At times I get stuck in a pattern of belief that my mind can derive the bottom-line truth in a given situation. Yet my brain is just a measuring device for the sensory messages it receives from my body. The body sends messages that are interpreted by the mind through the senses of sight, smell, touch, hearing and taste. The mind takes these bits of information makes a conclusion, and then asks us to do something about it. The spirit uses different points of reference to calculate the best way to move forward. Our intuitive guidance system taps into a non-physical knowledge that can also lead us safely through life experiences.
Last weekend I was climbing Mt Yale, a 14,000 foot summit in the Colorado Rocky Mountains. Hiking at altitude creates sensations in my body that are interpreted by my brain as repetitive signals to “stop, turn back.” The lack of oxygen and steep terrain challenge my lungs, muscles and circulatory system with forms of resistance that feel life threatening. I hike at high-altitude to experience a sense of mind or over matter, to somehow prove my mind wrong by overriding its interpretations with a higher truth. I know I can do it. I know I will survive.
On the ascent I can briefly distract my mind with the sight of aspen and pine trees, the sound of the gushing glacier-melt creek, the smell of wildflowers and conversations with my friend. Yet the distraction is always temporary as my mind continues to want to regain control of the situation. Hiking Mt Yale I was conscious of my spirit experiencing the hike. When my body began to feel exhausted and my vision was a bit dulled, to the point where I didn’t see every rock on the trail, instead of feeling fearful that I would stumble, I noticed my spirit was guiding me. I saw with clarity the parallel existence of how my mind interprets its experience beside how my spirit interprets the experience. Both are equally capable of providing guidance that keeps me safe. The difference is that when I’m listening to my spirit it is not concerned about reaching the summit or measuring the energy left in my physical body relative to what is required to get me to where I need to go. My spirit is present in the moment. My spirit says, “I am moving forward. I will keep moving forward. I want to move forward.”
Mind-body measurement of our experience is 100% in the physical/material realm. The challenge is that the mind does not know how to interpret intuitive information. If the message it’s receiving from the body contradicts intuitive guidance the mind goes to battle with spirit and tries to override the spiritual knowing in an act of physical self-preservation. The mind does not know how to interpret the emotional indicators beyond the physical sensations they generate, pain or pleasure.

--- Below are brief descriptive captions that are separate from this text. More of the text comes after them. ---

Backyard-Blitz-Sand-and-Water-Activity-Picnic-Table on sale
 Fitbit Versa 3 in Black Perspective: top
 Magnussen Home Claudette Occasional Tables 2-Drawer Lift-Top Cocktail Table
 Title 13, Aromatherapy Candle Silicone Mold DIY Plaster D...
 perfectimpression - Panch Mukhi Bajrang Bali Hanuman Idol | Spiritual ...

Next time you notice that your mental and spiritual guidance are in conflict, acknowledge both the indicators from your physical body experience and what you know intuitively. Let this awareness of the source of data help break gridlock that can keep you stuck. The mind is not the final truth. It is one source of information available to you. Intuition offers insight that can help us move forward when the mind is resistant.